Colour Temperature and what Kelvin has to do with it!

Grazie wrote on 10/30/2004, 12:31 PM
At long last I've stumbled across the "missing-link" for me:

Colour Temperature

AND

Black Radiators

. . don't get too hung up on the formulas . .just read it . ..

Regards,

Grazie

Comments

nickle wrote on 10/30/2004, 1:57 PM
Color (or for you "colour") theory has been going on for centuries. Art is in the eye of the beholder. Sort of like taking clean crisp dv footage and applying scratches and graininess (film looks) and liking it better.
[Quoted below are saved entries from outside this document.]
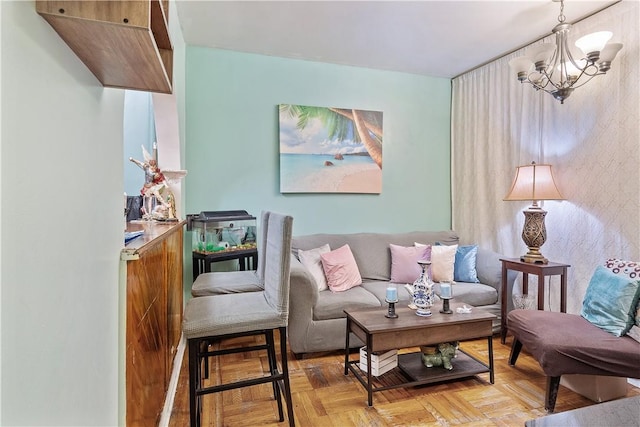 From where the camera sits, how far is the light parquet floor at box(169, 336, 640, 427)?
1.91 metres

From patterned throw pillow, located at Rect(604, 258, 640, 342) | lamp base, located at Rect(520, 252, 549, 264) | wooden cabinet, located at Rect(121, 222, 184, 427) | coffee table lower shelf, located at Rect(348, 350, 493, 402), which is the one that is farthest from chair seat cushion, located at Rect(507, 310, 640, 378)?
wooden cabinet, located at Rect(121, 222, 184, 427)

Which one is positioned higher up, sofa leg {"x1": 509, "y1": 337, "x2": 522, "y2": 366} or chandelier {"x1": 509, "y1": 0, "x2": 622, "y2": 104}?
chandelier {"x1": 509, "y1": 0, "x2": 622, "y2": 104}

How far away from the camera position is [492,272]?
3.18 m

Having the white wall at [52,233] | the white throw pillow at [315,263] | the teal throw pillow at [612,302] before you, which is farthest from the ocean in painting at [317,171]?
the white wall at [52,233]

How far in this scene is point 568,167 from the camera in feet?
9.18

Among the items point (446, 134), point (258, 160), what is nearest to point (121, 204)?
point (258, 160)

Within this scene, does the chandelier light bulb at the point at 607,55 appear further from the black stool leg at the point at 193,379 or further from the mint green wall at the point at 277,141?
the black stool leg at the point at 193,379

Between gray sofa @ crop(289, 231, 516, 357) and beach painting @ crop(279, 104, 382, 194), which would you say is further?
beach painting @ crop(279, 104, 382, 194)

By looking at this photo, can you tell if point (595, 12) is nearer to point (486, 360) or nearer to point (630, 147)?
point (630, 147)

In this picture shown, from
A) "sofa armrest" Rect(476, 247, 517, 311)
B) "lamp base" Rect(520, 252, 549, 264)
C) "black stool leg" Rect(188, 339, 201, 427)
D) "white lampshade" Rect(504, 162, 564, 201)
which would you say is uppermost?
"white lampshade" Rect(504, 162, 564, 201)

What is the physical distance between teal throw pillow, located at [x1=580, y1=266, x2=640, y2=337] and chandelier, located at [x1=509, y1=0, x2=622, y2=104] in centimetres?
126

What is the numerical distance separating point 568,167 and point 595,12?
1.13 meters

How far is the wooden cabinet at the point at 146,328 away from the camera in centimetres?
121

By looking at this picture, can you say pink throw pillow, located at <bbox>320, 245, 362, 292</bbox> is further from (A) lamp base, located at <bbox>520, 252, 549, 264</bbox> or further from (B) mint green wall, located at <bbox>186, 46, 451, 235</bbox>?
(A) lamp base, located at <bbox>520, 252, 549, 264</bbox> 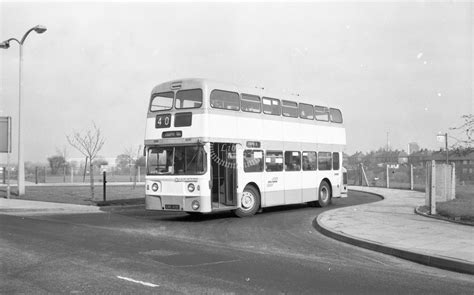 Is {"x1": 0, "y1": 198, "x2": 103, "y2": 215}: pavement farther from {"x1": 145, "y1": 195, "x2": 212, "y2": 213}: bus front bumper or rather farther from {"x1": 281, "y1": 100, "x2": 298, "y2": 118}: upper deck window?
{"x1": 281, "y1": 100, "x2": 298, "y2": 118}: upper deck window

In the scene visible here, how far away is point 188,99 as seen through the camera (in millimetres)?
14844

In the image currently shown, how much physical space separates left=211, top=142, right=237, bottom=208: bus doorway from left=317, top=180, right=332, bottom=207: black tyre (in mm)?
5602

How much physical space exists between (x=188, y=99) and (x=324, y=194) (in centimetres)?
851

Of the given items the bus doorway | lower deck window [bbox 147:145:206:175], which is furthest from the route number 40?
the bus doorway

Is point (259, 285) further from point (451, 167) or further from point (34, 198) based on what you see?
point (34, 198)

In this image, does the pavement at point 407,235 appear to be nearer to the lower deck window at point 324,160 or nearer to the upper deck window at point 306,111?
the lower deck window at point 324,160

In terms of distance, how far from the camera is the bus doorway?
1528 cm

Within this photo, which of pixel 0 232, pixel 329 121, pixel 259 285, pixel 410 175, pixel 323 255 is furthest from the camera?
pixel 410 175

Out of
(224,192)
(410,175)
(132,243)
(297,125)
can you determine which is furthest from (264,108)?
(410,175)

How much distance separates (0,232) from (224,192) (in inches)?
267

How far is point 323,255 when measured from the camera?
9125mm

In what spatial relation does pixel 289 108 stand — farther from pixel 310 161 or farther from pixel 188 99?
pixel 188 99

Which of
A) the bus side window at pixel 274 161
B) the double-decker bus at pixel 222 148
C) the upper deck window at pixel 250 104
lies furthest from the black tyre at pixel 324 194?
the upper deck window at pixel 250 104

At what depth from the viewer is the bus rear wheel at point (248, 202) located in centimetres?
1600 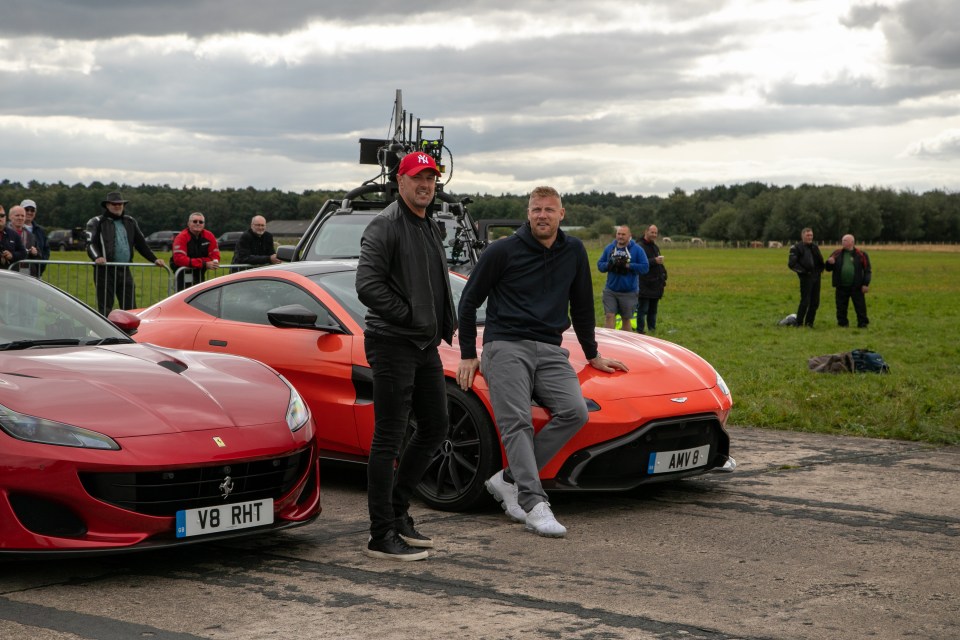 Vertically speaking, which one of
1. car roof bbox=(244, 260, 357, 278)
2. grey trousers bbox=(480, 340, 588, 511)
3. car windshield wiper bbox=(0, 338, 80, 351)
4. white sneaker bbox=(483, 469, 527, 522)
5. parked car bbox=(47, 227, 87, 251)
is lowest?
parked car bbox=(47, 227, 87, 251)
I recall driving through a tunnel and the overhead lights actually changed the colors of the cars. They changed back to the original color when exiting the tunnel. Weird stuff.

As for white balance to get accurate colors well that is a given, but applying filters or color correction for artistic effects, with masking etc. is a whole new ballgame.
farss wrote on 10/30/2004, 2:39 PM
It's fairly easy to build your own black body radiator. Paint the inside of a shoe box matte black. Make a pin hole in one end. Any light that enters the hole will not come out so your shoe box is now very close to an ideal black body radiator.
So this is ideal for setting white balance. Place shoe box in oven with pin hole facing glass door. Mount camera on tripod short distance from oven focused on pin hole and raise temperature of black body to 5000 deg K. Once shoe box reaches temperature WB camera and all is done.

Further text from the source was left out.